== Data extract

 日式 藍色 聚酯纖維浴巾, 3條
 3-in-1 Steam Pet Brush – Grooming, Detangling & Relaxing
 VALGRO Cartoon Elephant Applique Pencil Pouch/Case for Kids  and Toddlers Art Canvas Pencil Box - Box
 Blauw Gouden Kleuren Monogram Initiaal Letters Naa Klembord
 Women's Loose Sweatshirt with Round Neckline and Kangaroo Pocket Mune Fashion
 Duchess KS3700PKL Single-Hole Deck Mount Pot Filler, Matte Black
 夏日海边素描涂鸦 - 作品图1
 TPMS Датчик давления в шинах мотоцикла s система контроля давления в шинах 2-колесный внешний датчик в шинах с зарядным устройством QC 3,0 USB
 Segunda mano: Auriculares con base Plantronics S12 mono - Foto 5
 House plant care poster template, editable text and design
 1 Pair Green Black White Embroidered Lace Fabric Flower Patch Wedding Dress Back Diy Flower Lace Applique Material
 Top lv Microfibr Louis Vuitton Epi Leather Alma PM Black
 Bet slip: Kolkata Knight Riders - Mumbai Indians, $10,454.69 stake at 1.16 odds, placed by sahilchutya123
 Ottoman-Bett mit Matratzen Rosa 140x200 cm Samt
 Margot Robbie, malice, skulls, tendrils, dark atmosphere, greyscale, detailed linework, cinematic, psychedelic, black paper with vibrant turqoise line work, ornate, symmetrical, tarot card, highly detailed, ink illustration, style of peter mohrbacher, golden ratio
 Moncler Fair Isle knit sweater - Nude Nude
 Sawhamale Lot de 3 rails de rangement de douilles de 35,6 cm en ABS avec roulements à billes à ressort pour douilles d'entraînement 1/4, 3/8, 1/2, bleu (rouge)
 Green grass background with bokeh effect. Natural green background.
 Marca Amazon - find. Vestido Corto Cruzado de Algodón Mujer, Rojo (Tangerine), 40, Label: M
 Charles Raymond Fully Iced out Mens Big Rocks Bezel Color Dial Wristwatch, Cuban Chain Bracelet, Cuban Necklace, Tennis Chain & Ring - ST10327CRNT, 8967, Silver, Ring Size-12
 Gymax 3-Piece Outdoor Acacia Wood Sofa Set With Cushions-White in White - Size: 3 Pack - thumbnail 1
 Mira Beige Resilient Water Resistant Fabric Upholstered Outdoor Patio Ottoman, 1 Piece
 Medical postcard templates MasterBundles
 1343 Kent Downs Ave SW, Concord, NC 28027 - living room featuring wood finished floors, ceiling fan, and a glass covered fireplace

====

What is expected => Where does the word "White" appear in the records? Copy every line that holds it.

Answer to this problem =>
 1 Pair Green Black White Embroidered Lace Fabric Flower Patch Wedding Dress Back Diy Flower Lace Applique Material
 Gymax 3-Piece Outdoor Acacia Wood Sofa Set With Cushions-White in White - Size: 3 Pack - thumbnail 1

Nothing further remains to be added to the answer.